The data modalities in our Aria-NeRF Dataset are captured by RGB cameras, ET camera, Microphone, Barometer, GPS, Wi-Fi, Bluetooth, SLAM/Mono Scene camera left, SLAM/Mono Scene camera right, IMU (1kHz), IMU (800Hz), and Magnetometer. The statistics for each subset and for the different modalities can be found in Tab. 1 and Tab. 2.

3.3.1 Data Collection

Our dataset includes different scenarios. We collected multimodal sensory data in these scenarios, including RGB videos, ET camera, Microphone, Barometer, GPS, Wi-Fi, Bluetooth, SLAM, IMU (1kHz), IMU (800Hz), and Magnetometer, as shown in Figure 1. Each participant wears Aria Glasses to perform specific tasks within each scenario. These tasks may include activities like navigating, utilizing tools, and interacting with common household objects. In certain scenarios, GPS information is unavailable due to the absence of GPS signals within indoor environments. Similarly, the collection of Bluetooth data information is contingent upon the presence of a Bluetooth device near the scene. In the absence of a nearby Bluetooth device, capturing Bluetooth data becomes unfeasible.

In our data preprocessing pipeline, we employ Aria Data Tools²²2https://facebookresearch.github.io/Aria_data_tools/ to extract data from MPS files³³3https://facebookresearch.github.io/projectaria_tools/docs/data_utilities/core_code_snippets/mps, which is later utilized for visualization purposes. For pose estimation based on RGB video sequences, we employ COLMAP [32]. Our dataset does not necessitate additional annotations.

4 Experiments

In this section, we first introduce the training details. We then evaluate Nerfacto and NeuralDiff on our dataset. Our analysis reveals that the proposed Aria-NeRF Dataset is challenging, and there is much room for current NeRF methods to improve in the context of egocentric view synthesis.
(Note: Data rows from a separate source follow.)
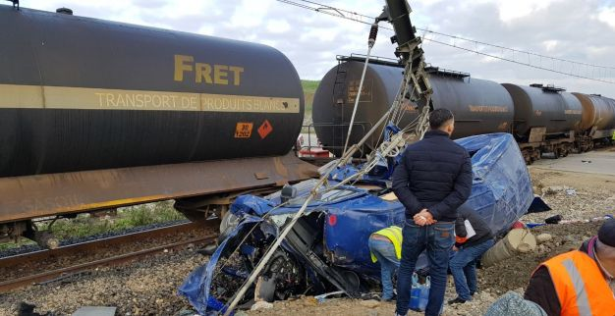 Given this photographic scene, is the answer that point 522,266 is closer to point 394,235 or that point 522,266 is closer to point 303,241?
point 394,235

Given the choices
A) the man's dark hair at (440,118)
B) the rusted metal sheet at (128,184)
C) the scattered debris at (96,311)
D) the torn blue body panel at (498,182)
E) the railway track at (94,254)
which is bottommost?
the railway track at (94,254)

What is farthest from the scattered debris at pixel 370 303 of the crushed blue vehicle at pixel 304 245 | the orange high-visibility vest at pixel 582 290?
the orange high-visibility vest at pixel 582 290

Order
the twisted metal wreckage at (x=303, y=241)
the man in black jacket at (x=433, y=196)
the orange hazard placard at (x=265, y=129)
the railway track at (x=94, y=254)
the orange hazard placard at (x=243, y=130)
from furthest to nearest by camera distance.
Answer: the orange hazard placard at (x=265, y=129) → the orange hazard placard at (x=243, y=130) → the railway track at (x=94, y=254) → the twisted metal wreckage at (x=303, y=241) → the man in black jacket at (x=433, y=196)

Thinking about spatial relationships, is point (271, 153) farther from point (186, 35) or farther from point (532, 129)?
point (532, 129)

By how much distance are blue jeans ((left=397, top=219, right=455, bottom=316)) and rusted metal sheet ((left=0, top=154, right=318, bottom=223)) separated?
430cm

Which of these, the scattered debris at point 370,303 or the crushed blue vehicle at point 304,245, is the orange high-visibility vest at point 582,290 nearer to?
the scattered debris at point 370,303

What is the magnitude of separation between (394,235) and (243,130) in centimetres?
413

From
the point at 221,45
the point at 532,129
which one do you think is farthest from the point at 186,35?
the point at 532,129

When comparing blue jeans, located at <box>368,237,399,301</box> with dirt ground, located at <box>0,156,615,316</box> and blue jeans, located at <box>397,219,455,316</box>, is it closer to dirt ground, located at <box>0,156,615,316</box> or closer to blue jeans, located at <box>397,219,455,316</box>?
dirt ground, located at <box>0,156,615,316</box>

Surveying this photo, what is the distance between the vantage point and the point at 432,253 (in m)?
4.06

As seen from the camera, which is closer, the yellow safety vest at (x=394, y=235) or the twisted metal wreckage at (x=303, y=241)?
the yellow safety vest at (x=394, y=235)

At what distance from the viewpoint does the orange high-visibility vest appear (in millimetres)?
2129

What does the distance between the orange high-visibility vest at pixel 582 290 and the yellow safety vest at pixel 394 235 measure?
8.37 feet

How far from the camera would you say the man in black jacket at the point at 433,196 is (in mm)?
3945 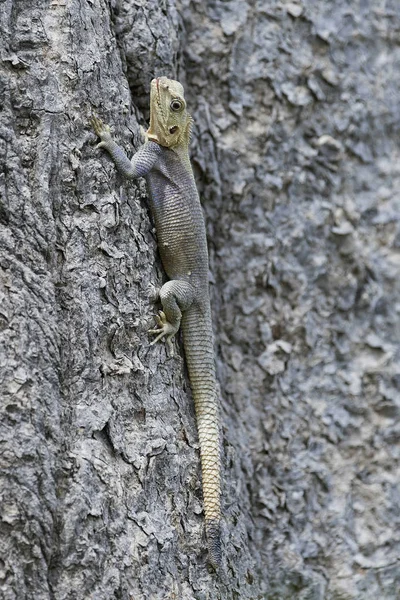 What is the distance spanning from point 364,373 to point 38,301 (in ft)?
9.45

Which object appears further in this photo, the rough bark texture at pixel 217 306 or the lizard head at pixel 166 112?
the lizard head at pixel 166 112

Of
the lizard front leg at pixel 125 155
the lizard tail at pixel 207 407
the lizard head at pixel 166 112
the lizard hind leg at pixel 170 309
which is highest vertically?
the lizard head at pixel 166 112

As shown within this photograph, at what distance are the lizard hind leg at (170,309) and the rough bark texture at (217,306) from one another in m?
0.11

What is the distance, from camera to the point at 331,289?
5.59 metres

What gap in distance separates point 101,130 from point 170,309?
1.08 metres

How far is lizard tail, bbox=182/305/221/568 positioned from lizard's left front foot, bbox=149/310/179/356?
0.25 meters

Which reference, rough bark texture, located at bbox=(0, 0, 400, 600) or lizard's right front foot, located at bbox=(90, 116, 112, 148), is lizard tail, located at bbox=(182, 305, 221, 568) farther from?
lizard's right front foot, located at bbox=(90, 116, 112, 148)

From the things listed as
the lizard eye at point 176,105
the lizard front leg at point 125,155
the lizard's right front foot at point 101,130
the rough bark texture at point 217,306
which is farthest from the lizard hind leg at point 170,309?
the lizard eye at point 176,105

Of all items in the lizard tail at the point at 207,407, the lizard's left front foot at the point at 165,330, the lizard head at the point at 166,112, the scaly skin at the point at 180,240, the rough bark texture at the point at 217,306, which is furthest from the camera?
the lizard head at the point at 166,112

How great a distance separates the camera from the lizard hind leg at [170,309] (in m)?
4.28

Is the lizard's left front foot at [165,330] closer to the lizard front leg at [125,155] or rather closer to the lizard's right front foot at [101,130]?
the lizard front leg at [125,155]

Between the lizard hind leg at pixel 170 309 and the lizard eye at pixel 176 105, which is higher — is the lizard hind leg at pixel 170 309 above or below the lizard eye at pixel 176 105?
below

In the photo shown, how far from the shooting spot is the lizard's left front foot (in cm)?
424

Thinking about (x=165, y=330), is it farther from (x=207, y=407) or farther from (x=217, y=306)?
(x=217, y=306) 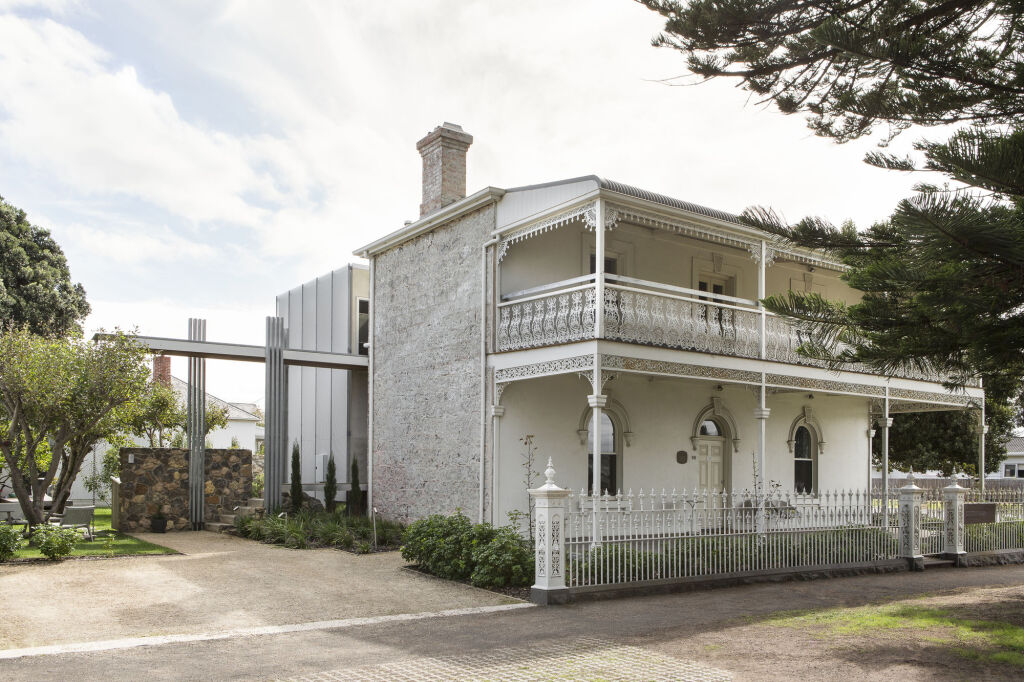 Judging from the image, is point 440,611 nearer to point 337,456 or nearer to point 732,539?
point 732,539

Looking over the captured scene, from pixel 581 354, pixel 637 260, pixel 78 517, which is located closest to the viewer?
pixel 581 354

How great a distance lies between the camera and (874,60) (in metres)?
7.54

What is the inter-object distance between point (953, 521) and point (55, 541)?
14.5 m

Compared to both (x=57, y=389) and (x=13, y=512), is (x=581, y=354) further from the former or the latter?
(x=13, y=512)

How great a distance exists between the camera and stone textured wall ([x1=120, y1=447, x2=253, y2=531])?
17.0 metres

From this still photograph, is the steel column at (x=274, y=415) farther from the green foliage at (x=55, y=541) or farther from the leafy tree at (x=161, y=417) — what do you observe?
the leafy tree at (x=161, y=417)

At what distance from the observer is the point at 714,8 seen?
7535 millimetres

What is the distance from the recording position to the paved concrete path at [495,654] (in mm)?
6785

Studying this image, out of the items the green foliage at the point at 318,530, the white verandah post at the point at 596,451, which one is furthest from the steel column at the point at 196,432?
the white verandah post at the point at 596,451

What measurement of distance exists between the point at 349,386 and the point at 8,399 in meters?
7.44

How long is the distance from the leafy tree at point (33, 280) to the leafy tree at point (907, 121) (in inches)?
825

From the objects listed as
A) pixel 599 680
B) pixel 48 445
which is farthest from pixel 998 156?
pixel 48 445

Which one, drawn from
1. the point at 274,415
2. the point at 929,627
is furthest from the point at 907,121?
the point at 274,415

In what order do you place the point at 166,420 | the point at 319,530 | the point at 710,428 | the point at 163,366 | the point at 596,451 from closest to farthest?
the point at 596,451, the point at 319,530, the point at 710,428, the point at 166,420, the point at 163,366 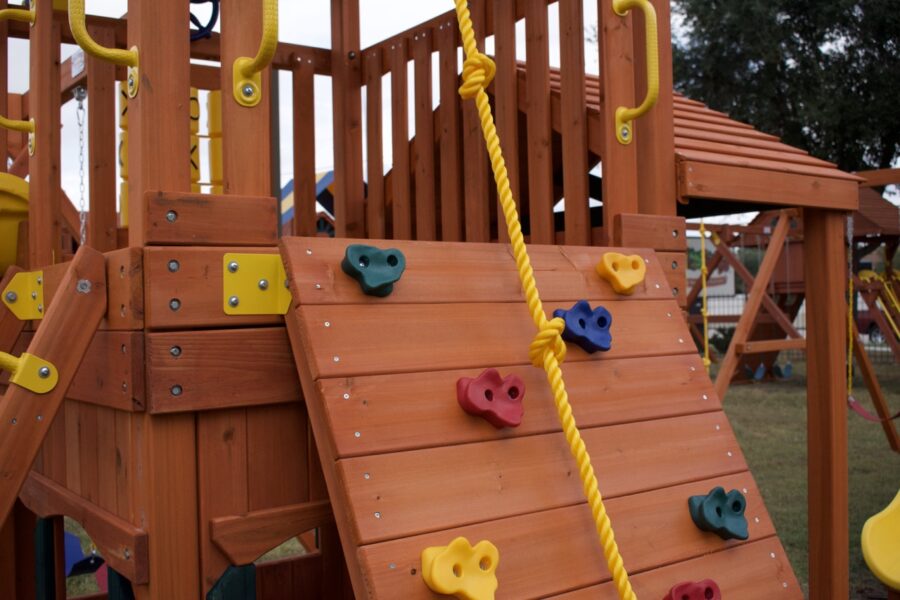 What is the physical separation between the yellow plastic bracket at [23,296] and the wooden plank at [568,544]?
1.58 metres

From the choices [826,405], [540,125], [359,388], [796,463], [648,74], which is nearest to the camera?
[359,388]

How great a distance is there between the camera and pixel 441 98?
3.48 metres

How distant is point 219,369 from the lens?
1946mm

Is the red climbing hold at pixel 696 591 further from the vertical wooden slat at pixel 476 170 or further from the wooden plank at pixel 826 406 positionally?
the wooden plank at pixel 826 406

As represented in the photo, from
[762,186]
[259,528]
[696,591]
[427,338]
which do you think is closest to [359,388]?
[427,338]

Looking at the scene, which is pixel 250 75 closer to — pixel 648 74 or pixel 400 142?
pixel 648 74

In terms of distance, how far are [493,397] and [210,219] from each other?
750mm

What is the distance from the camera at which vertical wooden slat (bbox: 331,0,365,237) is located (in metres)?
3.98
4.1 Baselines and Implementation Details

We run two baselines on our collected dataset:

•

Nerfacto: We employed the default training settings of nerfstudio, conducting training for $30,000$ iterations with an initial learning rate of $10^{-8}$ during the pre-warmup phase, and a final learning rate of $0.0001$ .
•

NeuralDiff: The NeuralDiff model is trained for 10 epochs with a learning rate of $0.0005$ , utilizing 64 ray samples.

4.2 Quantitative Results

Qualitative results are presented in Table 3 for Nerfacto and NeuralDiff. In terms of PSNR, SSIM, and LPIPS metrics, NeuralDiff generally surpasses Nerfacto across various scenarios. However, it is important to note that Nerfacto produces a de-distorted image, while NeuralDiff generates a fisheye image closely resembling the ground truth. The latter exhibits curvature characteristics.

4.3 Qualitative Results

Qualitative results are presented in Figure 3 for Nerfacto and Figure 4 for NeuralDiff. Notably, the visualization of Nerfacto reveals some blurred regions, underscoring inherent limitations in its performance. In contrast, the visualization of NeuralDiff demonstrates its remarkable ability to disentangle elements within the scene, disentangling the background, dynamic foreground, and actors, all in an unsupervised manner. Both methods exhibit potential for enhancement in the application of dynamic NeRF.

5 Discussion

An advantage of Aria Glasses, in contrast to the HoloLens, is their lightweight and highly portable design, making them seamlessly adaptable to people’s everyday lives. It is worth noting that a limitation of the Aria Glasses RGB sensor is its relatively lower image resolution compared to current smartphone RGB cameras.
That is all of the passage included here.